One spring at a friend's house on Cape Cod, I found a lot of fresh ginger in the fridge. My friend's husband had just stopped by the local fish market, so I combined the fish and ginger with a can of tomatoes to make a quick and easy spring stew. We absolutely loved the results.
The fresh ginger won't knock you over the head with its intensity in this stew. It adds warmth and its distinctive gingery flavor to the pot, but it's a fairly subtle flavor.
The fish is still the main star – which it should be, considering how expensive seafood is!
Because I live in New England, where firm-fleshed white fish rule the seafood case, I have my choice of halibut, haddock, hake, pollock, and more. Choose firm-fleshed white fish that’s local to your area, if possible, and not fished out; use guidelines from Monterey Bay Aquarium Seafood Watch to check your area.
There’s very little prep for this stew, except for grating the fresh ginger on the smallest holes of a box grater (a Microplane is terrific for this). Chicken stock adds more flavor to the dish, but use bottled or powdered clam broth, if you like; dilute it more than the directions say so the juice doesn’t overpower the soup.

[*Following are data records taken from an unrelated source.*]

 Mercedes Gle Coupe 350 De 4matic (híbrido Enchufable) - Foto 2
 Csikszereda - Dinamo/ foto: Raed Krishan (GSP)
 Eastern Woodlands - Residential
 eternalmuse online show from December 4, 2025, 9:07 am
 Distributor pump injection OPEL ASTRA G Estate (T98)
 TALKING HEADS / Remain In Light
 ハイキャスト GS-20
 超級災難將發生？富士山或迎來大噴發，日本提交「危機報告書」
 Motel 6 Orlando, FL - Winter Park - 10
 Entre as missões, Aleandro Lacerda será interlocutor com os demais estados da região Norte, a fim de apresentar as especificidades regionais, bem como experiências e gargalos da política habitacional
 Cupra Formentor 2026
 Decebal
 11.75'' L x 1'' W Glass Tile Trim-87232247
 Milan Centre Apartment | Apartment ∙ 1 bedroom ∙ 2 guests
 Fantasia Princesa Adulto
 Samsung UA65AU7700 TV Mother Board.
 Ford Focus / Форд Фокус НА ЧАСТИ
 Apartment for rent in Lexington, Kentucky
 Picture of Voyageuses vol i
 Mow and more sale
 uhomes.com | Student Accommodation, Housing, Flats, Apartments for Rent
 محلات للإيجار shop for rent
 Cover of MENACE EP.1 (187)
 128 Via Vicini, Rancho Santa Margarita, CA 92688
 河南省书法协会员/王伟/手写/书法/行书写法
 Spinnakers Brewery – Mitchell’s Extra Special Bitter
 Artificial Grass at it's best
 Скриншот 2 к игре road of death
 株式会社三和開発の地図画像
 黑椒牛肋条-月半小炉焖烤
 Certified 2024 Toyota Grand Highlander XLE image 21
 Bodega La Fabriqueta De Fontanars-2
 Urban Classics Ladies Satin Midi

The fish stew is wonderfully refreshing on the spring table, when we’re all looking for lighter fare and anything that doesn’t take too long to cook. It also makes a great dinner party main course if you need something easy and last-minute for guests.
More Nourishing Fish Stew Recipes
- Quick Easy Fish Stew
- Brazilian Salmon Stew (Moqueca)
- Bacalhau (Portuguese Salt Cod Stew)
- Bacalao Guisado (Salt Cod Stew)
Fish Stew with Ginger and Tomatoes
Use a Microplane or the smallest, finest holes on your cheese grater to grate the ginger.
Ginger is juicier and less fibrous in spring, but you can use any fresh ginger you find.
As written, this recipe has you cook the potatoes and the sauce in separate pots so they cook at the same time, which gets dinner on the table sooner. If you'd prefer to cut down on the number of dirty pots instead, you can cook the potatoes and sauce in the same pot: Cook the potatoes first (in a steamer basket with some water in the bottom of the pot and the lid tightly on), then remove the potatoes, pour out the water, and make the sauce.
4 small (15 ounces, 443g) red potatoes
2 tablespoons olive oil
3 tablespoons finely grated fresh ginger
1 clove garlic, crushed
1 (14- to 16-ounce, 400- to 453-g) can diced tomatoes
1/2 teaspoon sugar
1/2 teaspoon salt, or more to taste
1/4 teaspoon black pepper, or more to taste
1/4 teaspoon crushed red pepper
3 cups (700ml) chicken stock
2 pounds (0.90kg) boneless firm-fleshed white fish, such as haddock, halibut, hake, flounder, pollock, whiting, or other local fish (it’s OK if the skin is still on)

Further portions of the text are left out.